Question – what has a furniture factory and an IT change delivery function got in common? Actually quite a lot!
Halfway up a mountain on a walking holiday a few years ago, I was comparing notes with my brother, who ran a furniture factory whilst I ran an IT change delivery function. We realised that our challenges were remarkably similar – prioritisation, managing demand and supply, reducing time to market etc, and he pointed me towards Eliyahu Goldratt’s book “The Goal”. Goldratt elegantly describes the Theory of Constraints, and how to make a “factory” run much better. Put simply:
“Every process has a constraint (bottleneck) and focusing improvement efforts on that constraint is the fastest and most effective path to improved profitability”
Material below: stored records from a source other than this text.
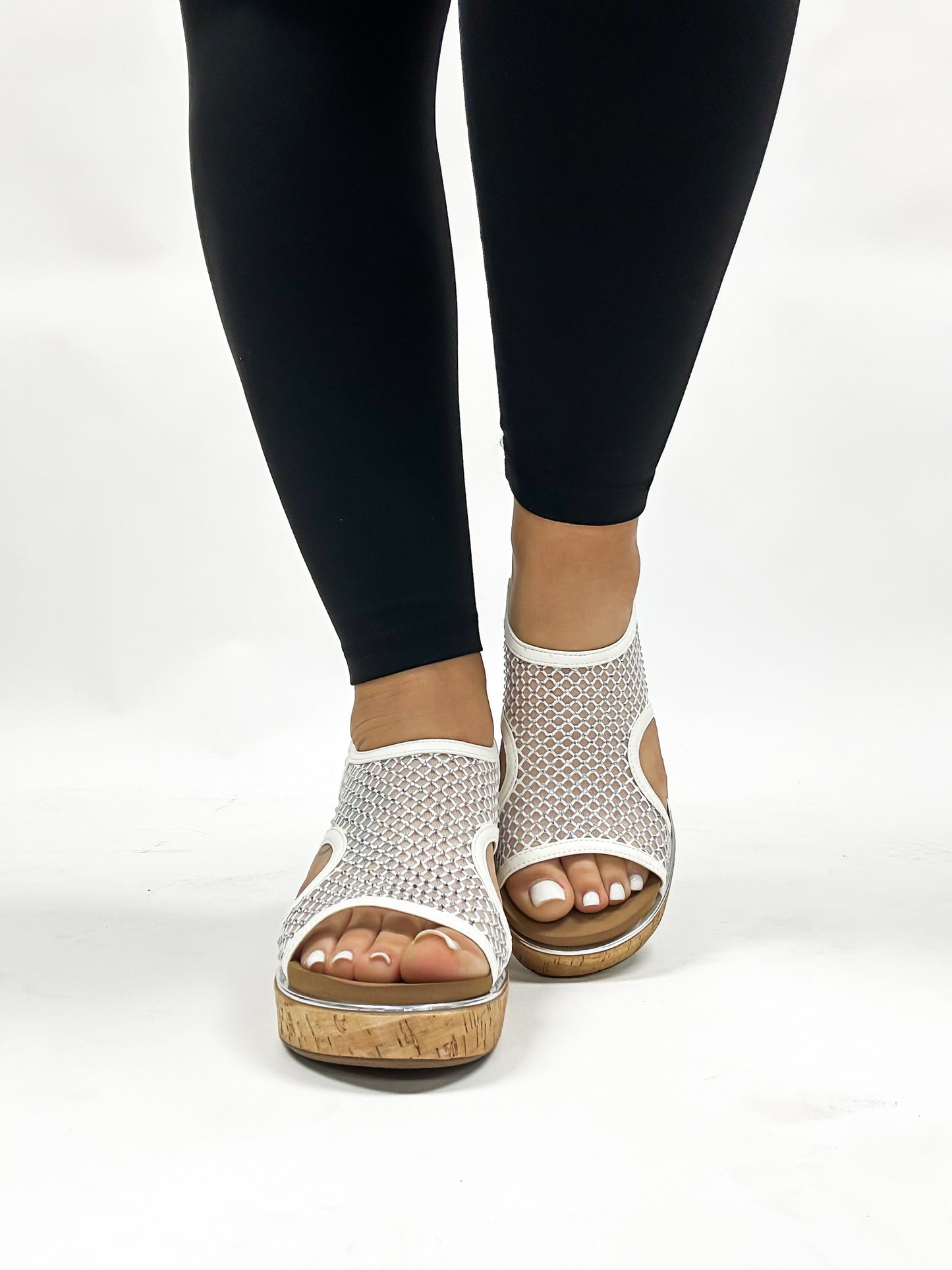 Corky's White Mesh Carley Sandals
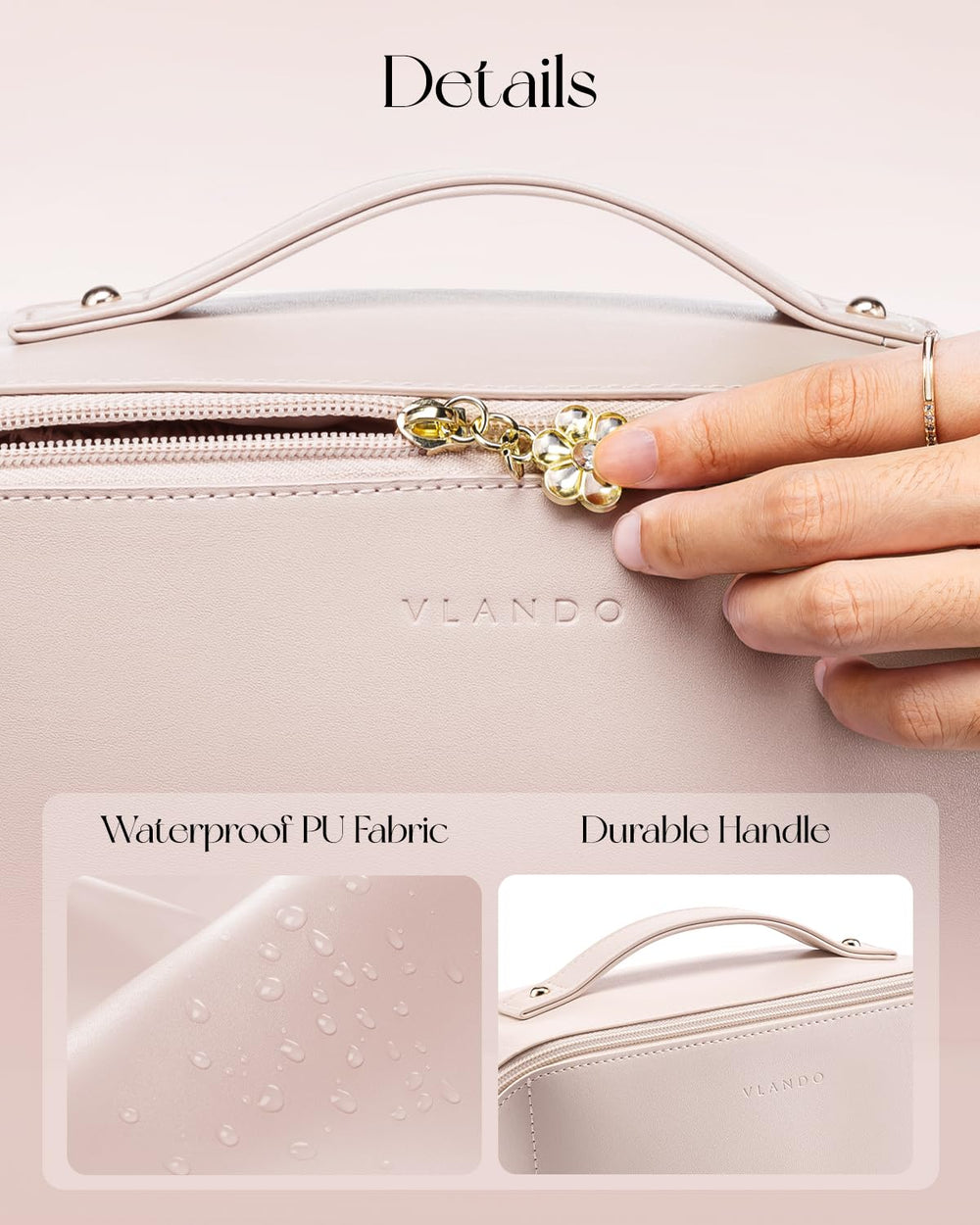 Vlando makeup bag 180-degree opening for quick access to cosmetics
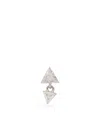 Maria Tash 18k White Gold Triangle Diamond Drop Earring In Silver
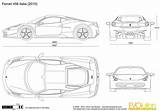 Ferrari 458 Drawings Lamborghini Car Blueprints Drawing Blueprint Orthographic Model Cars 3d Carro Carros Scale Sketch Italia Chevrolet Camaro Modelagem sketch template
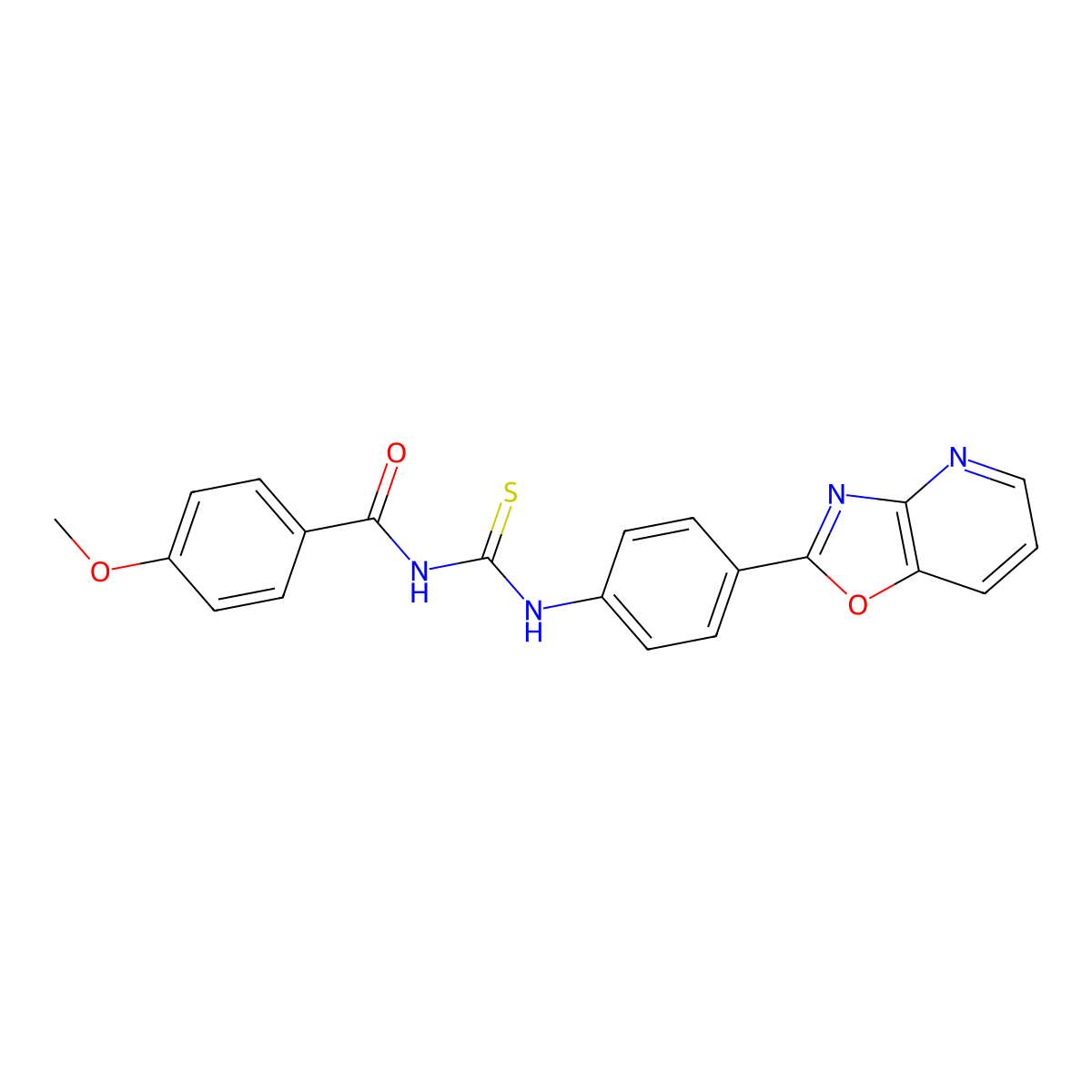 4-methoxy-N-[[4-([1,3]oxazolo[4,5-b]pyridin-2-yl)phenyl]carbamothioyl]benzamide molecular structure, CAS 385386-07-2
Change Delivery functions can also be thought of as a factory, with “goods in” being processed by a finite capacity, delivering a portfolio of value-added products out the other end. So what are the typical constraints?
- Developers – the number of “warm bodies” available to code a particular system (or component)
- Test – typically a trade-off between scope/quality; most easily addressed through automation and/or a continuous integration approach
- Subject Matter Experts – a frighteningly common constraining factor (how many “single points of failure” resources do you have?), and typically ignored
- Environments – where cloud hasn’t yet been adopted, developers and testers are often constrained by a finite number of places to test.
Where are your bottlenecks? How would you eliminate them?